Data below:
——————————
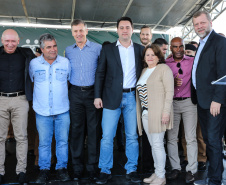 O governador Carlos Massa Ratinho Junior participa  nesta sexta-feira (30)  do projeto Em Frente Brasil - Programa Nacional de Enfrentamento à Criminalidade Violenta, criado pelo Ministério da Justiça e Segurança Pública no Parque São José em São José dos Pinhais.  30/08/2019 -Foto: Geraldo Bubniak/AEN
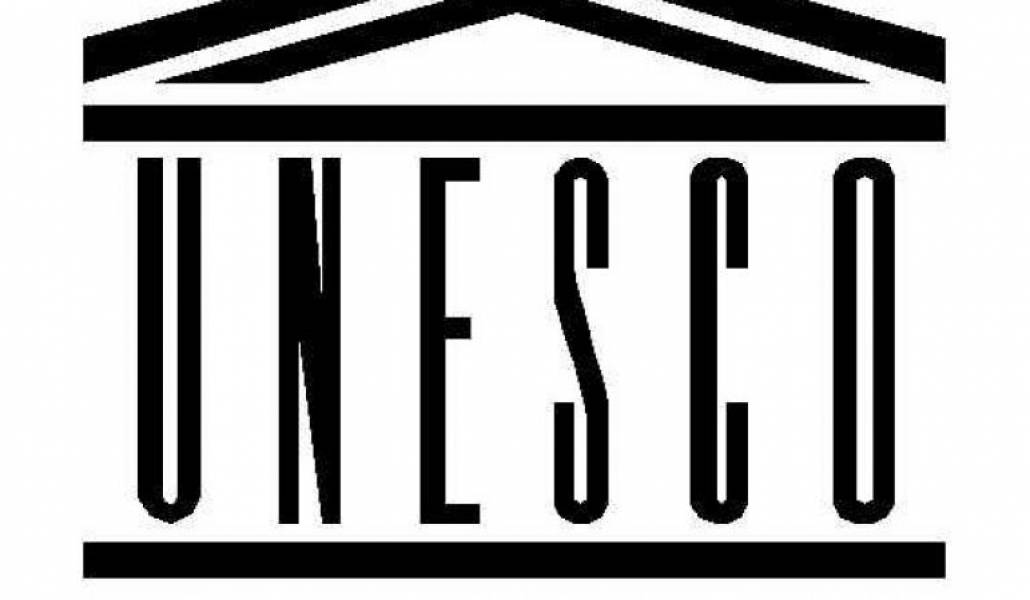 888e7ff359757af30c0bb4d2873e27d6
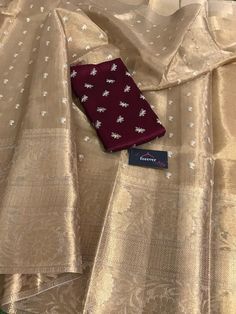 Simple Saree Designs, New Saree Blouse Designs, Fashionable Saree Blouse Designs, New Embroidery, Fancy Sarees Party Wear, Indian Saree Blouses Designs, Simple Sarees, Silk Saree Blouse Designs, Saree Blouse Patterns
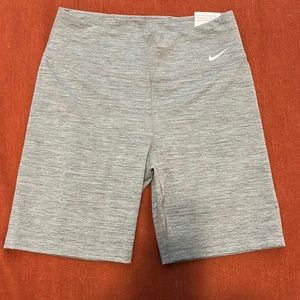 FINAL OFFER - Nike Dri-Fit Biker Shorts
——————————
Task item: Once the pictures are dropped, please print every remaining line of the material verbatim.

Result:
 O governador Carlos Massa Ratinho Junior participa  nesta sexta-feira (30)  do projeto Em Frente Brasil - Programa Nacional de Enfrentamento à Criminalidade Violenta, criado pelo Ministério da Justiça e Segurança Pública no Parque São José em São José dos Pinhais.  30/08/2019 -Foto: Geraldo Bubniak/AEN
 888e7ff359757af30c0bb4d2873e27d6
 Simple Saree Designs, New Saree Blouse Designs, Fashionable Saree Blouse Designs, New Embroidery, Fancy Sarees Party Wear, Indian Saree Blouses Designs, Simple Sarees, Silk Saree Blouse Designs, Saree Blouse Patterns
 FINAL OFFER - Nike Dri-Fit Biker Shorts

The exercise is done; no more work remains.